北見方町会 江戸期の道標、45年ぶり「帰郷」 住民の手で歴史遺産を保存
江戸時代後期から人々の往来を見守り続けてきた「歴史遺産」が北見方にある。川崎と八王子の分岐を伝える石造りの「道標」だ。多摩区民家園に寄贈されたが、北見方町会が昨年、45年ぶりに元来の地に戻した。移設を実現した町会長らの奮闘に、地域の歴史伝承への切願が垣間見える。
旅人の道中安全を願った「先人の気持ちを偲んでもらいたい」。北見方町会長の吉田豊さんが、いとおしむように道標の肌に手を触れた。

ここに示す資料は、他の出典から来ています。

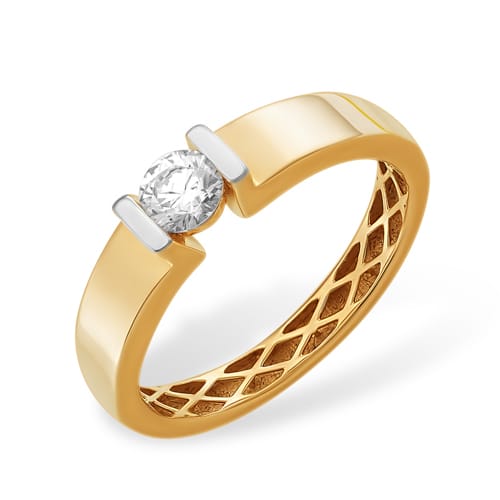 Кольцо из красного золота с фианитом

高さ83センチの石柱の脇には「村内安全」と彫られた地神塔、無病息災を祈念した馬頭観音塔など5種の石塔が居並ぶ。いずれも1743年から1882年までに建立。風化した石表面に、200年におよぶ歴史が刻まれている。
1799年の製造というこの歴史遺産。区内最古の道標とみられ、当時この場所は伊勢原の大山参りに向かう要衝だったという。

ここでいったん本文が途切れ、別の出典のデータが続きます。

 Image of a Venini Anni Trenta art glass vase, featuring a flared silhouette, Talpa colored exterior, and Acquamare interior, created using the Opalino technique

1966年、同町会の初代会長が民家園に道標を寄贈。7年ほど前に同園を訪れた吉田さんは、地域の絆を深めるきっかけにしたいと返還を着想した。町会役員と協議し、工費を町会が負担する移設計画を本格始動した。
住民の手で移設したいと、吉田さんは自ら工事用図面を制作。新設した表示板上の石碑群の解説文も執筆した。役所からの、市道の一部専有などの許認可取得に苦心しながらも、認可申請から約4カ月後の昨年6月、移設が完了した。
資料提供などで協力した郷土史家・鈴木穆さんに感謝を示す吉田さん。「(保存活動を地域で)代々引き継いでもらいたい」。充実感が声ににじむ。